Perhaps this is normal and the wire does not require reattaching? In such a case I'd have to conclude the pump is to blame. Any ideas on how i can also test the pump and even replace it if necessary. It seems fixed to the reservoir somehow.

Tx


----------



## canadiatx (Apr 19, 2008)

*wires off connector to pump..*

hey.. I can't answer your question but can you answer mine? I'm new on here today!

I have two bare wires off the connector too but maybe they come from the pump.. one is pink and one blue!

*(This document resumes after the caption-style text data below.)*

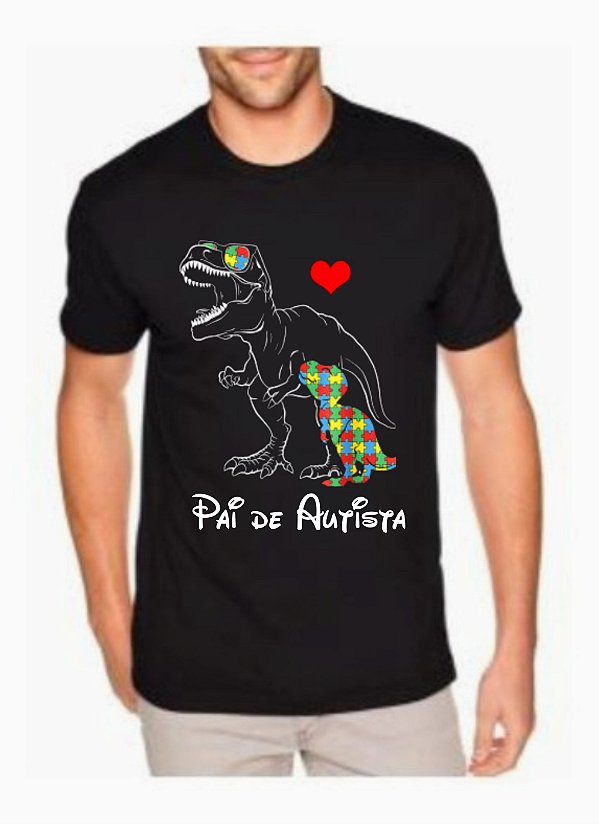 Camisa Preta Pai Autismo Dinossauro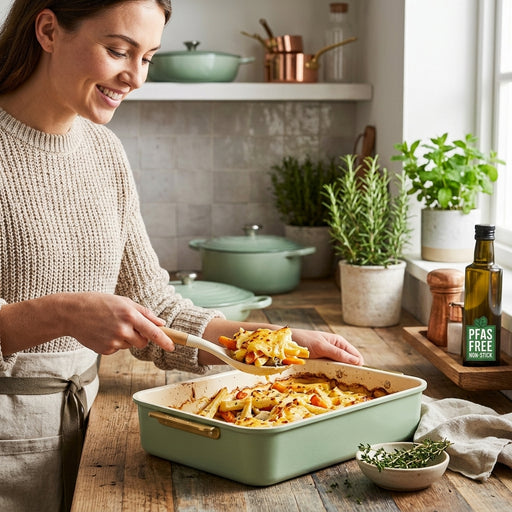 A smiling woman serves baked gratin from a sage green pan in a bright kitchen. A "PFAS Free Non-Stick" logo is visible.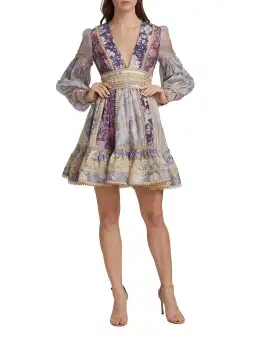 Zimmermann The Celestial Lace Panelled Mini in Spliced Lavender Floral
Size 1 / Au 8-10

My retread tire blew and took my wheel lining out as well as a w/w hose and I guess a connector?? No idea where it came from! Any ideas?? I can't my hands on a Haynes and the FSM I downloaded doesn't have the wiring diagram!

Mine is 1990 240sx!


----------



## Campground Man (Jul 18, 2007)

Run a jumper from your battery over to the plug on the pump, if it don't work it's the pump - I can sell you a pump if you find yours is bad - but not for too much longer, gonna haul this junk car to the scrapyard soon.


----------



## canadiatx (Apr 19, 2008)

*not the pump*

Okay so I just checked it and the pump is working cuz the tubes I guess I put on backwards! So its just the rear washer that doesn't work! And now when I press the rear washer button it makes the front ones spray! I guess there is one connector for each on the washer resevoir! I think it's called a relay? I'm missing both connector and part that it connects into maybe.. what would they be called??? This sucks cuz I just filled up my reservoir!


----------